[英]Pandas/Python Modeling Time-Series, Groups with Different Inputs
I am trying to model different scenarios for groups of assets in future years. 我正在尝试为未来几年的资产组建模不同的方案。 This is something I have accomplished very tediously in Excel, but want to leverage the large database I have built with Pandas.
这是我在Excel中非常繁琐的工作,但是我想利用我用Pandas建立的大型数据库。
Example: 例:
annual_group_cost = 0.02
df1:
year group x_count y_count value
2018 a 2 5 109000
2019 a 0 4 nan
2020 a 3 0 nan
2018 b 0 0 55000
2019 b 1 0 nan
2020 b 1 0 nan
2018 c 5 1 500000
2019 c 3 0 nan
2020 c 2 5 nan
df2:
group x_benefit y_cost individual_avg starting_value
a 0.2 0.72 1000 109000
b 0.15 0.75 20000 55000
c 0.15 0.70 20000 500000
I would like to update the values in df1, by taking the previous year's value (or starting value) and adding the x benefit, y cost, and annual cost. 我想更新df1中的值,方法是取上一年的值(或起始值),然后加上x收益,y成本和年度成本。 I am assuming this will take a function to accomplish, but I don't know of an efficient way to handle it.

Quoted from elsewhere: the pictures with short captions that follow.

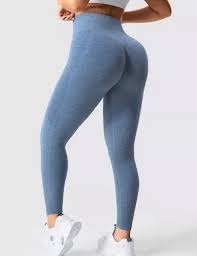 Leggins Mujer Push Up azul L/XL - additional image 1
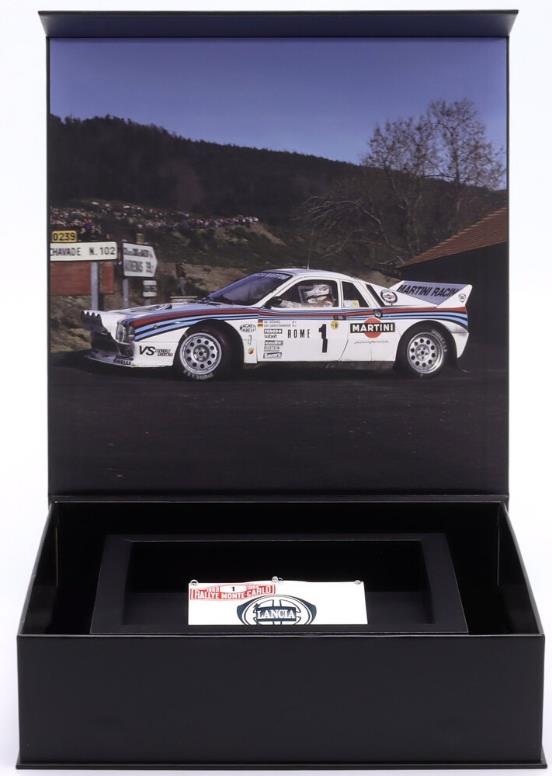 IXO 1:18th Scale Bonnet of Lancia 037 #1 Winner Rallye Monte Carlo 1983 Rohrl/Geistdorfer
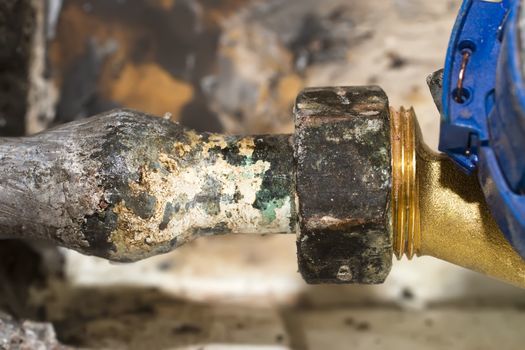 In addition to tens of thousands of lead water-service lines, Minnesota officials estimate 675,000 homes still have lead in plumbing or fixtures. (Adobe Stock)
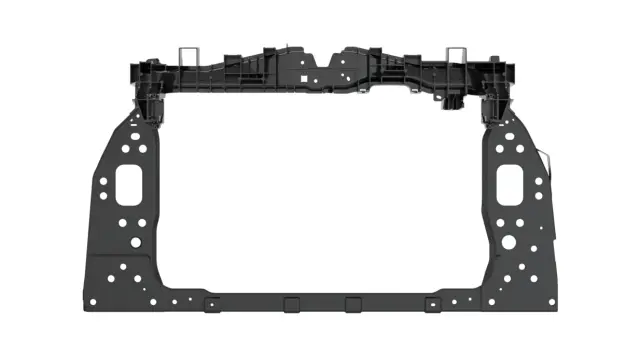 Radiator Closure Panel, Plastic - Mopar (68425360AA)
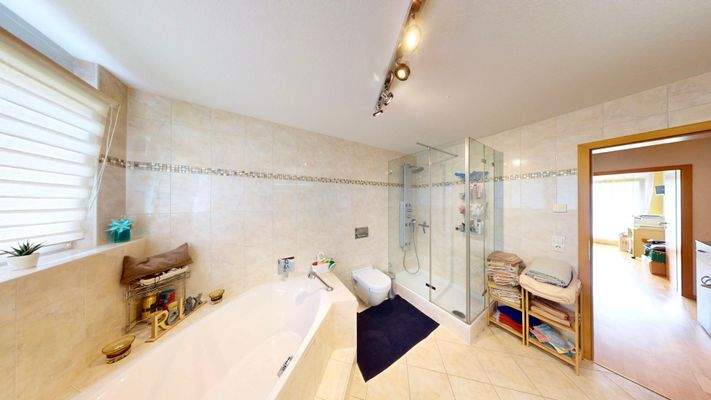 Hochwertiges Badezimmer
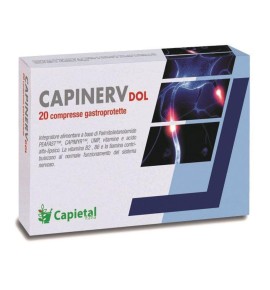 CAPINERV DOL 20CPR GASTROPROT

我假设这需要一个功能来完成,但是我不知道一种有效的方法来处理它。
The final output I would like to have is: 我想要的最终输出是:
df1:
year group x_count y_count value
2018 a 2 5 103620
2019 a 0 4 98667.3
2020 a 3 0 97294.248
2018 b 0 0 53900
2019 b 1 0 56822
2020 b 1 0 59685.56
2018 c 5 1 495000
2019 c 3 0 497100
2020 c 2 5 420158
I achieved this by using: 我通过使用以下方法实现了这一点:
starting_value-(starting_value*annual_group_cost)+(x_count*(individual_avg*x_benefit))-(y_count*(individual_avg*y_cost))
Since subsequent new values are dependent upon previously calculated new values, this will need to involve (even if behind the scenes using eg apply
) a for loop: 由于后续的新值取决于先前计算的新值,因此这将需要涉及一个for循环(即使在幕后使用例如
apply
):
for i in range(1, len(df1)):
if np.isnan(df1.loc[i, 'value']):
df1.loc[i, 'value'] = df1.loc[i-1, 'value'] #your logic here
You should merge the two tables together and then just do the functions on the data Series 您应该将两个表合并在一起,然后对数据系列执行功能
hold = df_1.merge(df_2, on=['group']).fillna(0)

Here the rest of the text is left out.